Take the lines from the one containing "Preview for 265" through the end of the material and write them out exactly, omitting pictures.

● ● ●

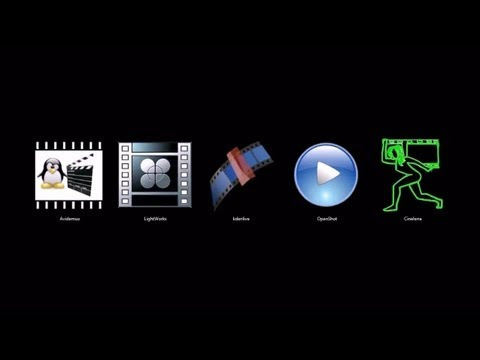 Top 5 Video Editing Programs, Software (Open Source / Free) Ever Wondered What Video Editing Software You Could Use To Edit Your Videos So Your Fan Base Gets Bigger? Well You Will ...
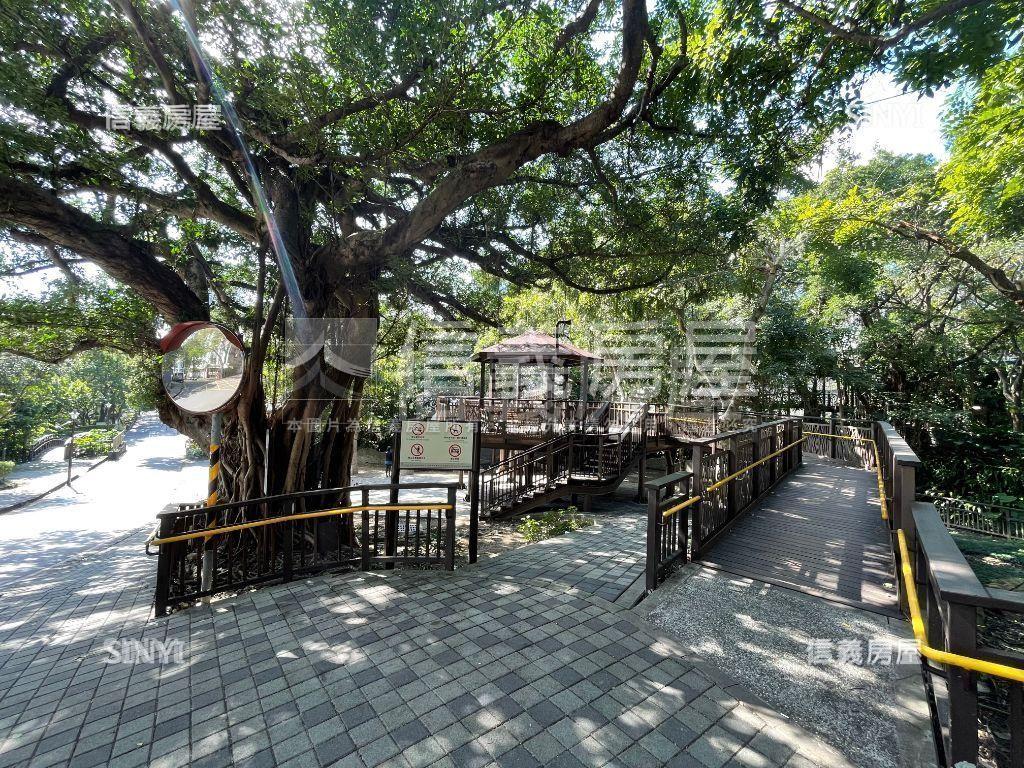 天母中山北路金店面房屋室內格局與周邊環境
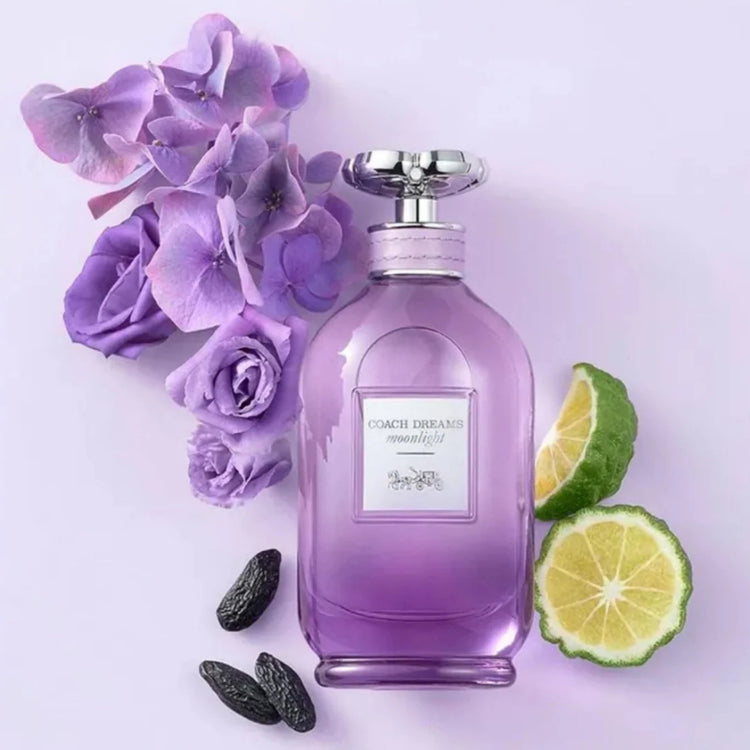 Coach Dreams Moonlight Eau de Parfum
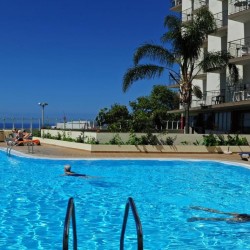 Imagine pentru Hotel Dorisol Florasol Cazare - Funchal la hoteluri de 3* stele 2024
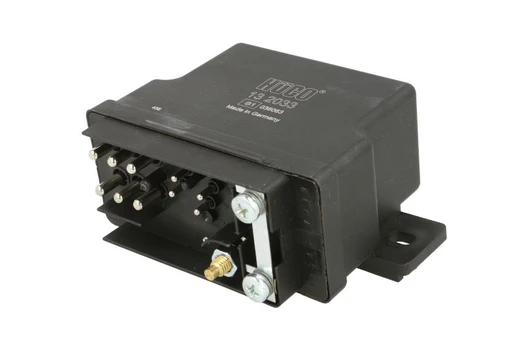HUCO HUCO132033 Glow plug relay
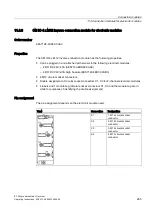 Preview for 265 page of Siemens Simatic ET200pro Operating Instructions Manual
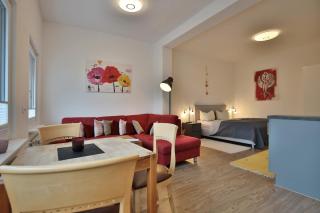 Hannas Strandhaus App A - Niendorf - 2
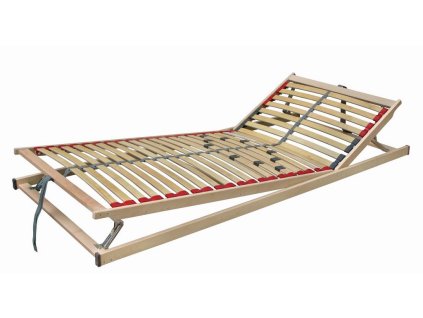 Rošt do postele CasaNova Relax 90 cm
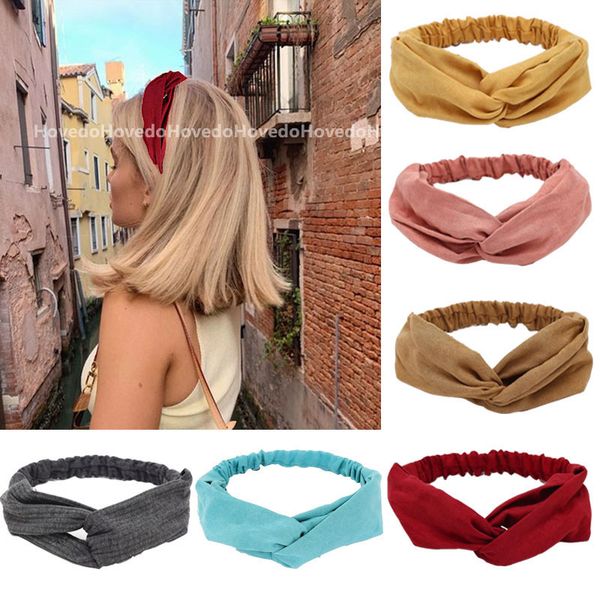 женщины лето замша оголовье vintage cross knot тюрбан резинки мягкие твердые девочки hairband головные уборы аксессуары для волос
женщины лето замша оголовье vintage cross knot тюрбан резинки мягкие твердые девочки hairband головные уборы аксессуары для волос
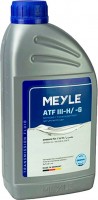 Фото - Трансмиссионное масло Meyle ATF Dexron IIIH/G 1L 1 л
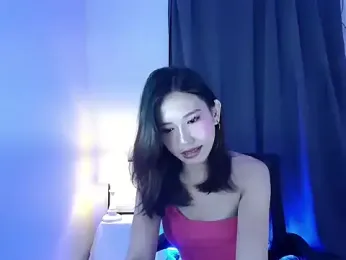 Ricaliciuos webcam model stream image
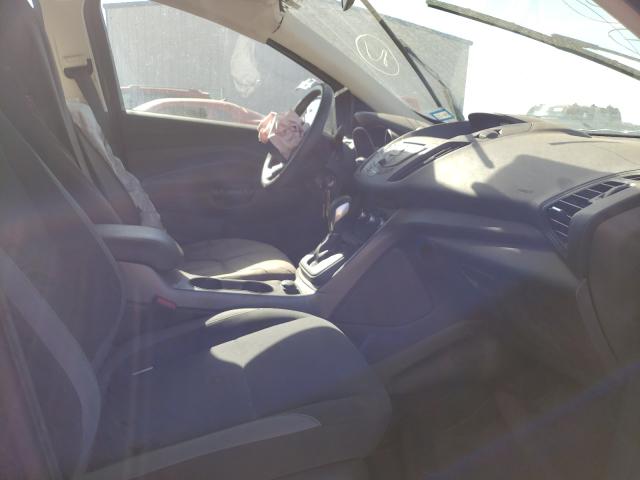 Photo 4 VIN: 1FMCU0F79FUC78690 - FORD ESCAPE S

● ● ●

Expected output:
 Preview for 265 page of Siemens Simatic ET200pro Operating Instructions Manual
 Hannas Strandhaus App A - Niendorf - 2
 Rošt do postele CasaNova Relax 90 cm
 женщины лето замша оголовье vintage cross knot тюрбан резинки мягкие твердые девочки hairband головные уборы аксессуары для волос
женщины лето замша оголовье vintage cross knot тюрбан резинки мягкие твердые девочки hairband головные уборы аксессуары для волос
 Фото - Трансмиссионное масло Meyle ATF Dexron IIIH/G 1L 1 л
 Ricaliciuos webcam model stream image
 Photo 4 VIN: 1FMCU0F79FUC78690 - FORD ESCAPE S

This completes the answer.